▶ _RECORDS TO USE_
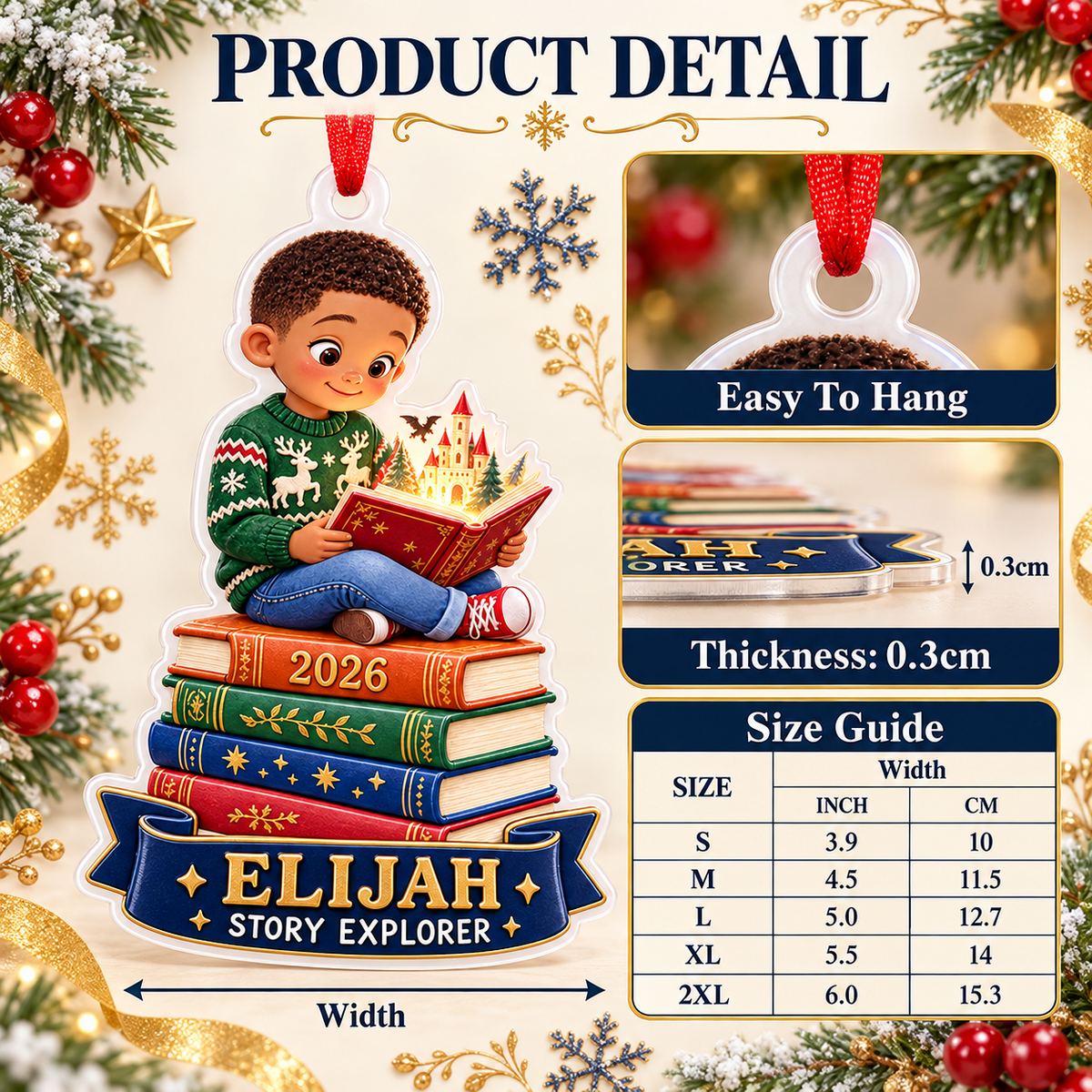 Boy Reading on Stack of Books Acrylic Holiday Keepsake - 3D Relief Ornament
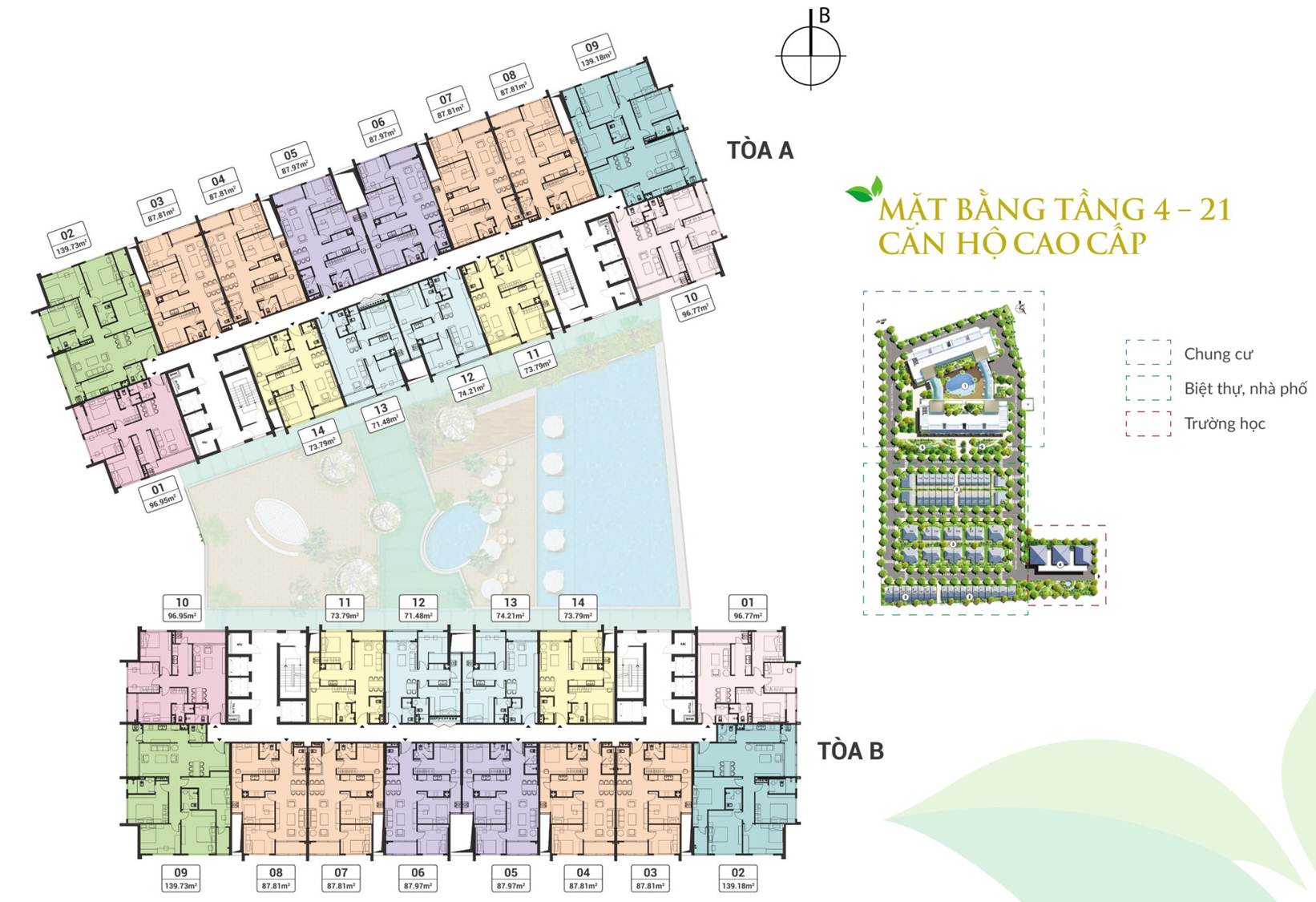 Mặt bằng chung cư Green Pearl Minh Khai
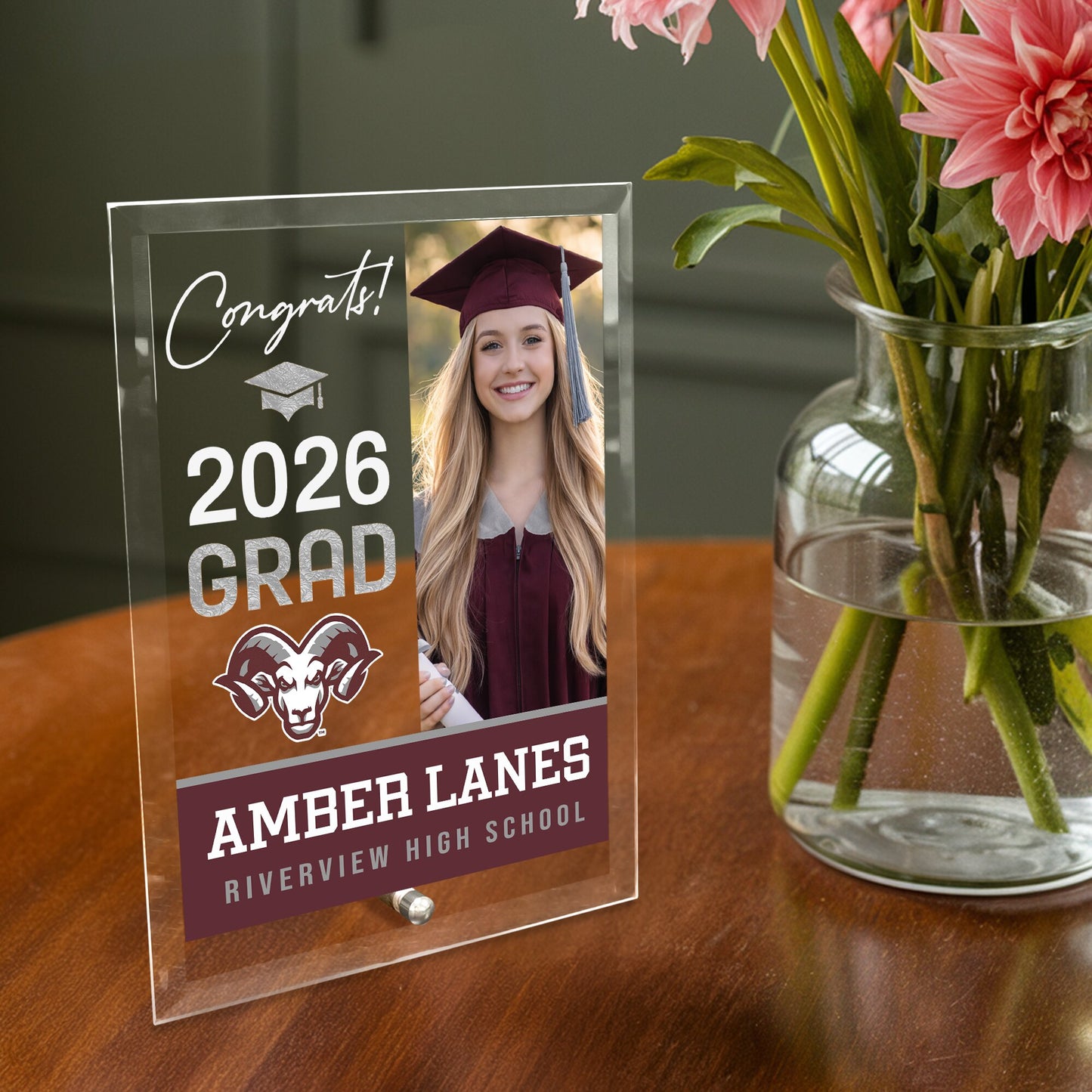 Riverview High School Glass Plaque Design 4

==

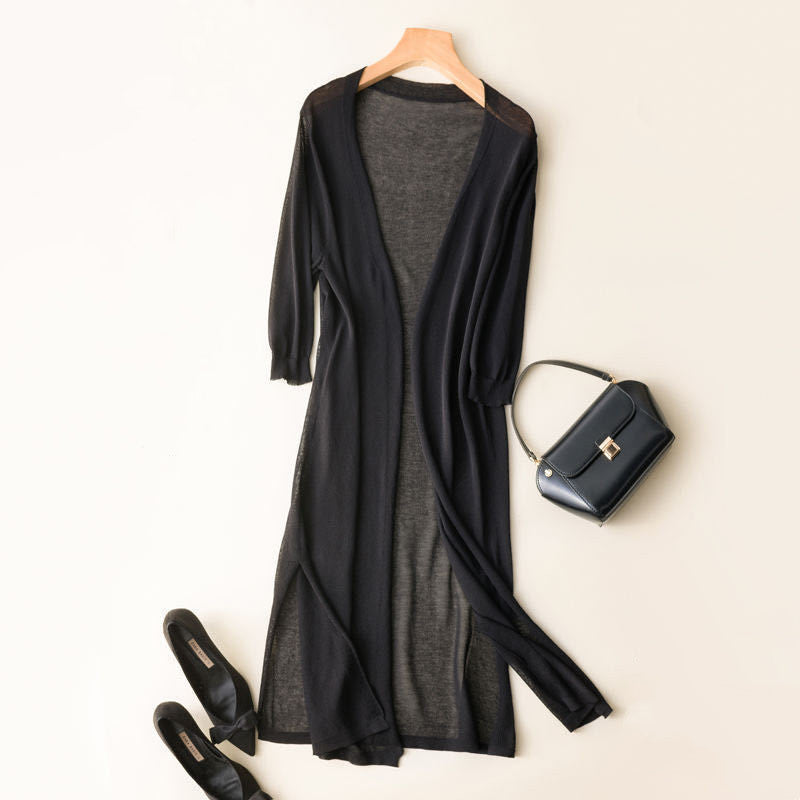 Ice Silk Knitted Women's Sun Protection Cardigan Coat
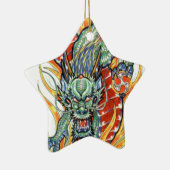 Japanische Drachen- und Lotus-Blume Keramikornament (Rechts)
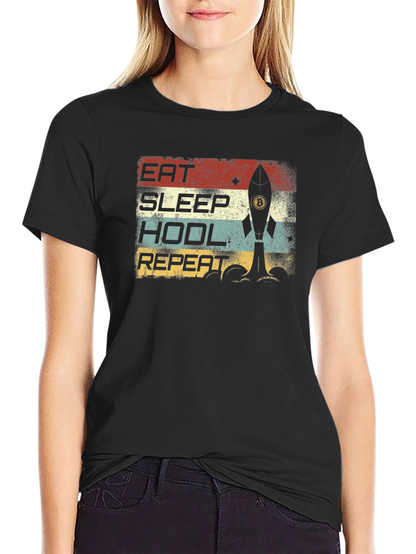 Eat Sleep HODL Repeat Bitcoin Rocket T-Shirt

▶ _YOUR OBJECTIVE_
Starting at the line above that contains "Japanische Drachen- und", transcribe every line exactly through the line that contains "Eat Sleep HODL Repeat Bitcoin Rocket T-Shirt", including that last one, and skip the pictures.

▶ _RESPONSE AREA_
 Japanische Drachen- und Lotus-Blume Keramikornament (Rechts)
 Eat Sleep HODL Repeat Bitcoin Rocket T-Shirt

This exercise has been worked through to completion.